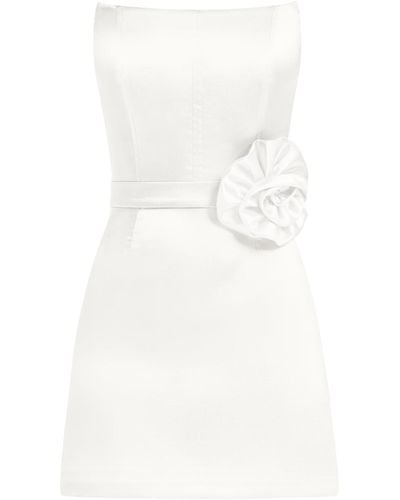 Tia Dorraine Dazzling Touch Satin Mini Dress - White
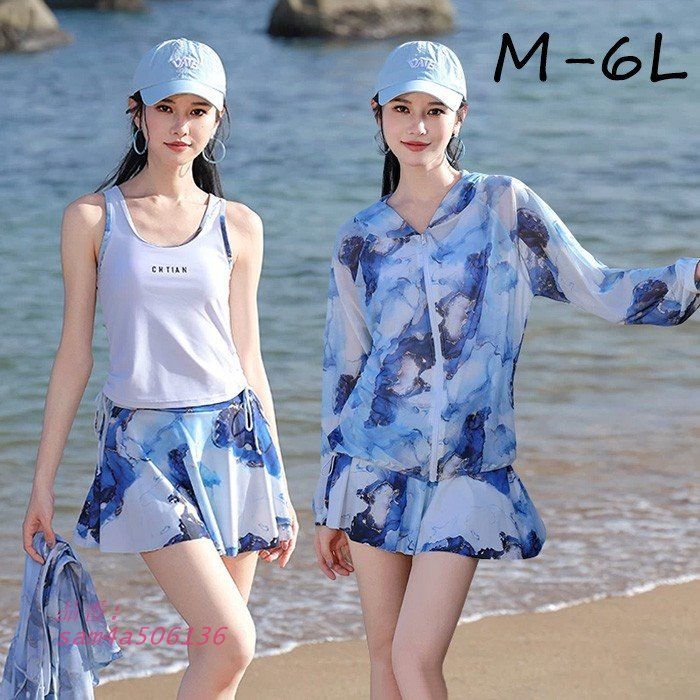 水着 タンキニ レディース 体型カバー M L 3L 半袖 ママ水着 4L ラッシュガード 2L セパレート オトナ女子 ノンワイヤー 6L 大きいサイズ ブルー 3点セット 5L am4a506136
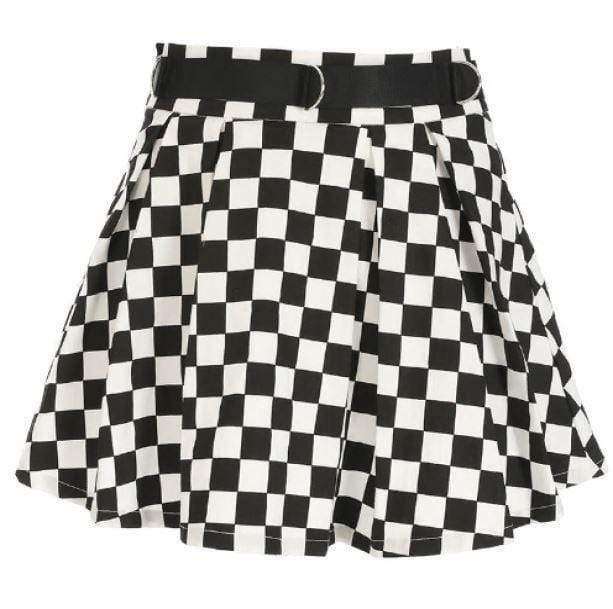 Trendy Y2K Checkerboard Skirt - Iconic 2000s Fashion Statement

▶ **YOUR ASSIGNMENT**: Pictures aside, print every line of the material exactly.

▶ **OUTPUT BELOW**:
 Tia Dorraine Dazzling Touch Satin Mini Dress - White
 水着 タンキニ レディース 体型カバー M L 3L 半袖 ママ水着 4L ラッシュガード 2L セパレート オトナ女子 ノンワイヤー 6L 大きいサイズ ブルー 3点セット 5L am4a506136
 Trendy Y2K Checkerboard Skirt - Iconic 2000s Fashion Statement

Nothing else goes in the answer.